A Z-test tells you how likely it is that a sample mean came from a specific population based on your assumed population mean and standard deviation.
Here's a breakdown of what a Z-test reveals:
- Statistical Significance: The Z-test calculates a Z-score, which represents how many standard deviations your sample mean is away from the assumed population mean. A higher absolute value of the Z-score indicates a greater difference between your sample and the assumed population. The test then uses this score to determine the p-value, which is the probability of observing your sample mean if the assumed population mean were true. A low p-value (typically less than 0.05) suggests that your sample mean is statistically different from the assumed population mean.
- Hypothesis Testing: Z-tests are commonly used for hypothesis testing, where you test a specific claim about a population based on a sample. For example, you might want to test the hypothesis that the average height of women in a certain city is 5'4" (the assumed population mean). You could then collect a sample of women's heights and use a Z-test to see if your sample data supports or rejects this hypothesis.

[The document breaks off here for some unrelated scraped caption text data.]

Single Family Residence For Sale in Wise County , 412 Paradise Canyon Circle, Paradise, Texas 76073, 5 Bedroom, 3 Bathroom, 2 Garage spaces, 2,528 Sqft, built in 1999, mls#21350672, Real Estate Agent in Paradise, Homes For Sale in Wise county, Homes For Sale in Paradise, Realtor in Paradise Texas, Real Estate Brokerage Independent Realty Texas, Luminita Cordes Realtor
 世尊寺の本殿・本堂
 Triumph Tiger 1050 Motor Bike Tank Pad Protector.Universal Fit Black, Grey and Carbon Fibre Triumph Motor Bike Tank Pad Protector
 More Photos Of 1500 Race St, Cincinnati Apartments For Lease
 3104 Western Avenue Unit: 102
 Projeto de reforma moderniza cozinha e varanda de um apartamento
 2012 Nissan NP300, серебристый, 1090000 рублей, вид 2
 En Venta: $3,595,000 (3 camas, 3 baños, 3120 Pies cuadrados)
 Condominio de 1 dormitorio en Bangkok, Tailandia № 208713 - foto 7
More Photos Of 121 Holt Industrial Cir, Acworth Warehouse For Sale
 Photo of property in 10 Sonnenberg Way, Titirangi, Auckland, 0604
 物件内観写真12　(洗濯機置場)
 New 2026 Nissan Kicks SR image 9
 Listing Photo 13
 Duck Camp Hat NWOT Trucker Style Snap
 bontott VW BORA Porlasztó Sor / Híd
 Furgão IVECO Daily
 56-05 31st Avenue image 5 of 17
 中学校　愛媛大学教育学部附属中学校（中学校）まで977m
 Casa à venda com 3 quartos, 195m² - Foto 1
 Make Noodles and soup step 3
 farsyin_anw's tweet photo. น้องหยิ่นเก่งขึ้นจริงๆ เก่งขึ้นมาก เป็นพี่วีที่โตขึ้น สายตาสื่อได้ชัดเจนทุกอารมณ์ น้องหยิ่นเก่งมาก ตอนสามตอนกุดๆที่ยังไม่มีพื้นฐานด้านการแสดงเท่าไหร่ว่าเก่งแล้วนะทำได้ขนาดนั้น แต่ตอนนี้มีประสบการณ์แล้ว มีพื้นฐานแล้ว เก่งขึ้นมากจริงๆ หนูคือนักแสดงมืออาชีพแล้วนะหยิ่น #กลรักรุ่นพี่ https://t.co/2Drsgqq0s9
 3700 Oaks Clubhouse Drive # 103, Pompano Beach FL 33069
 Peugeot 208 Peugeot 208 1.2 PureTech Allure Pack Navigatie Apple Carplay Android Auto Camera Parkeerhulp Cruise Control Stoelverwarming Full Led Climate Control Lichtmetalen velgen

- One-tailed vs. Two-tailed Tests: You can use a Z-test to test for differences in either direction (two-tailed test) or only in one direction (one-tailed test). For instance, you might want to test if the average weight of a product is greater than a specific value (one-tailed test) or if it's different from that value (two-tailed test).
Example:
Let's say you want to test if the average height of adult males in a country is 5'10". You collect a random sample of 100 adult males and find their average height to be 5'9". You conduct a Z-test and obtain a p-value of 0.02. This suggests that there is a 2% chance of observing an average height of 5'9" in your sample if the true average height of adult males in the country is actually 5'10". Since the p-value is less than 0.05, you would reject the null hypothesis and conclude that the average height of adult males in the country is likely not 5'10".
In summary, a Z-test helps you understand the likelihood of your sample mean being representative of the population mean, providing insights into whether there is statistically significant evidence to support or reject your hypotheses.